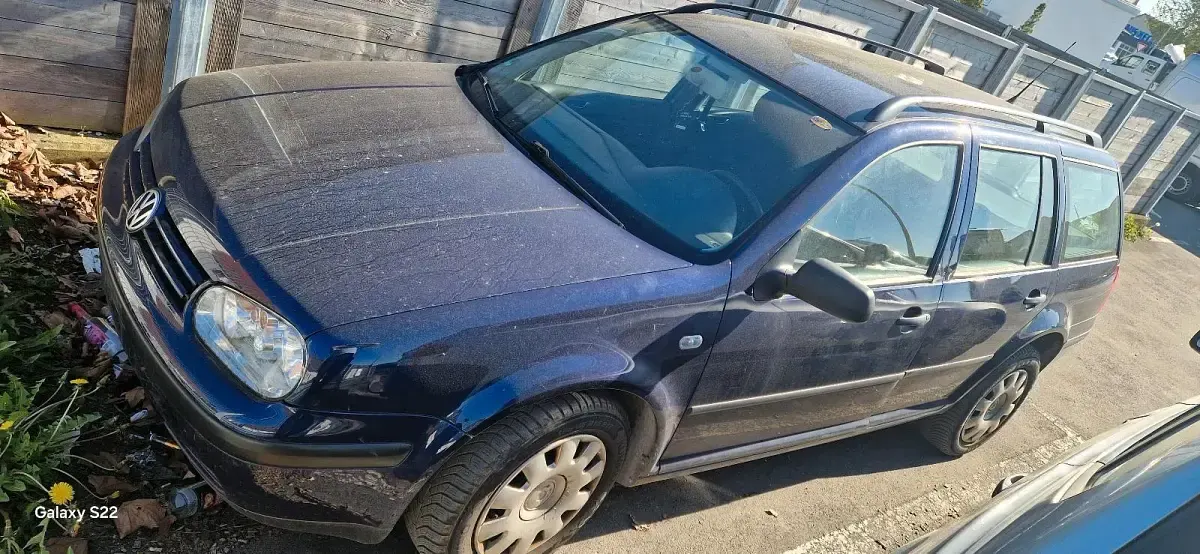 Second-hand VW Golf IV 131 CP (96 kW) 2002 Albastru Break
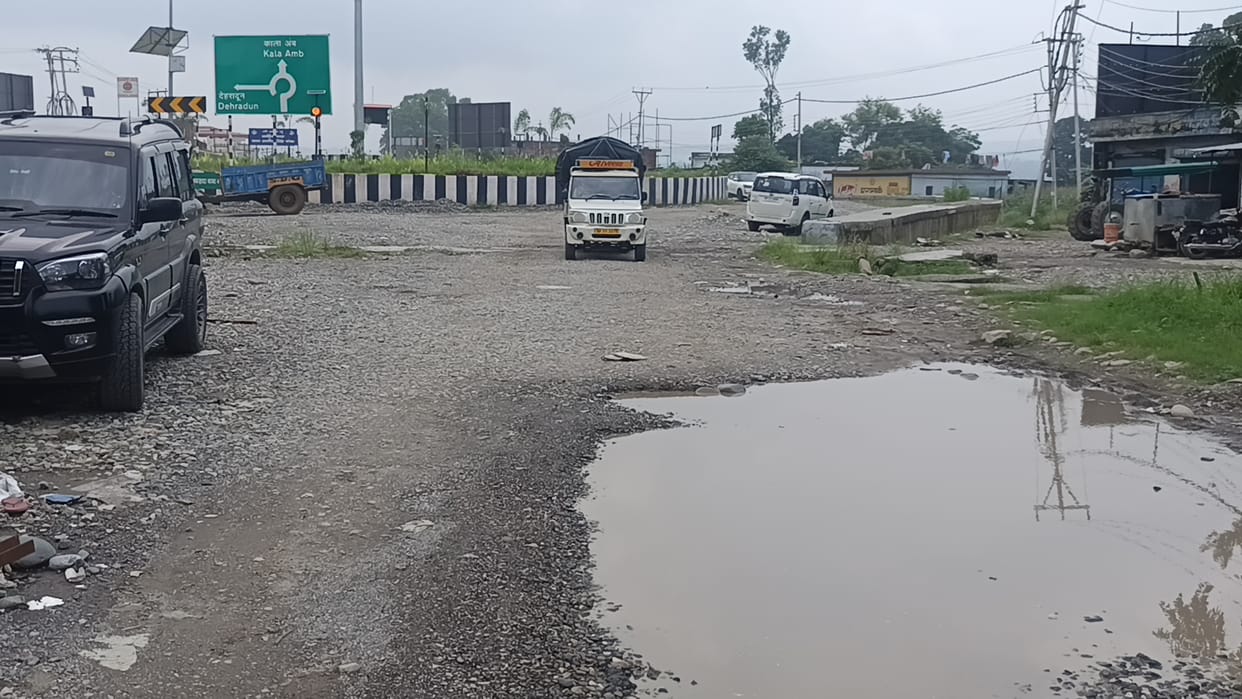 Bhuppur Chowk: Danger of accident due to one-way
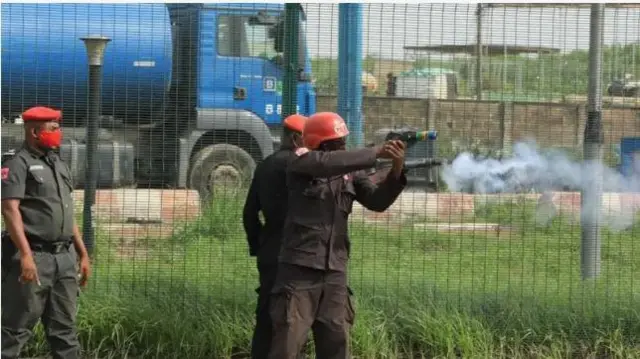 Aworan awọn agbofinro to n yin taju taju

______________________________

* Work item
Once the pictures are set aside, the remaining data must be transcribed exactly.

* Task result
 Second-hand VW Golf IV 131 CP (96 kW) 2002 Albastru Break
 Bhuppur Chowk: Danger of accident due to one-way
 Aworan awọn agbofinro to n yin taju taju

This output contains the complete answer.